= Prompt =
Please give back, exactly as written, the lines from the line with "硬質 丸鉢 ミニ鉢(プランター)" to the line with "Authentic Chanel Vintage" in the listing below, leaving out all pictures.

= Records for this task =
-=-=-=-=-

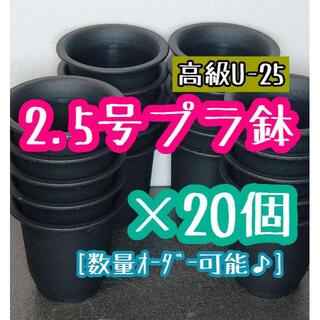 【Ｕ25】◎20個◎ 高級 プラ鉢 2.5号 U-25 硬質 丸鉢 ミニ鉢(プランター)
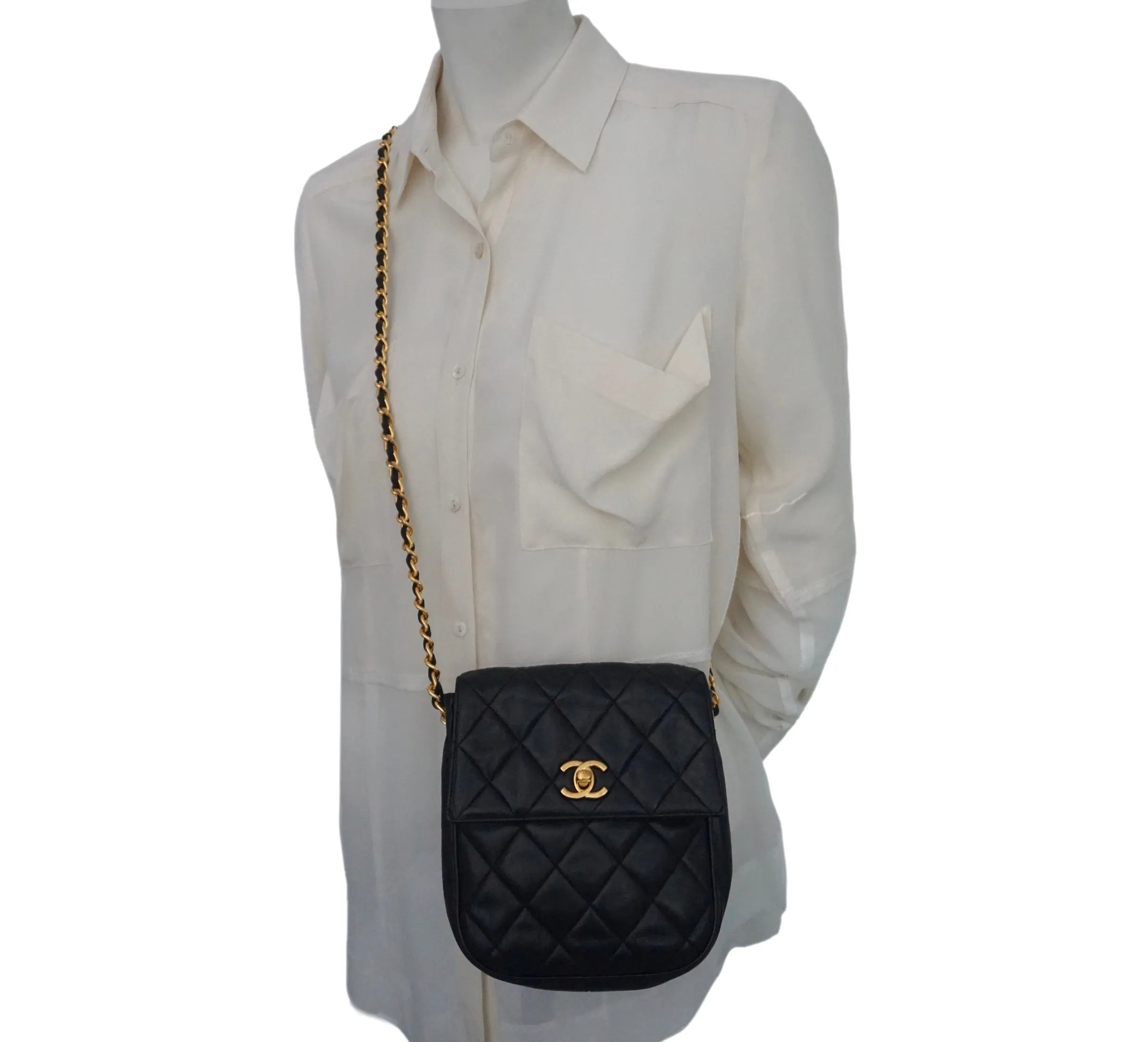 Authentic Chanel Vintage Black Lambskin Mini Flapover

-=-=-=-=-

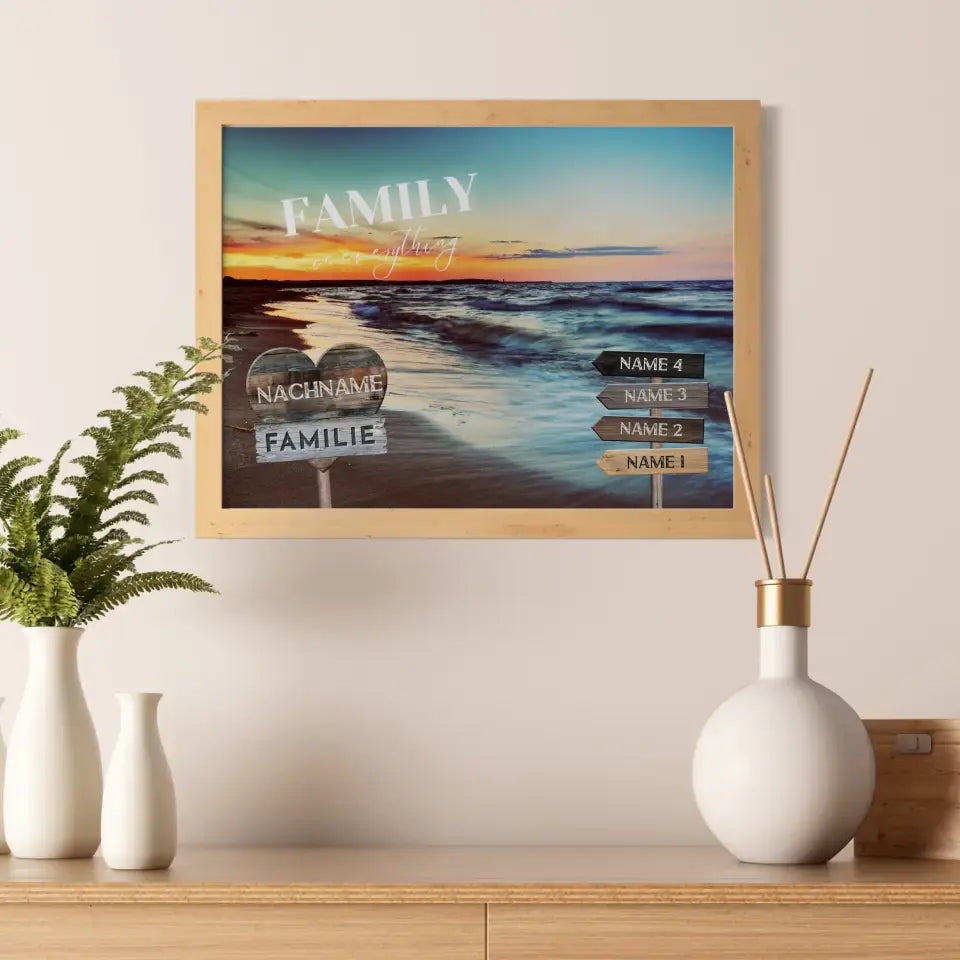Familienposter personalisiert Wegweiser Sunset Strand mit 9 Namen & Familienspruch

-=-=-=-=-

= Your solution =
 【Ｕ25】◎20個◎ 高級 プラ鉢 2.5号 U-25 硬質 丸鉢 ミニ鉢(プランター)
 Authentic Chanel Vintage Black Lambskin Mini Flapover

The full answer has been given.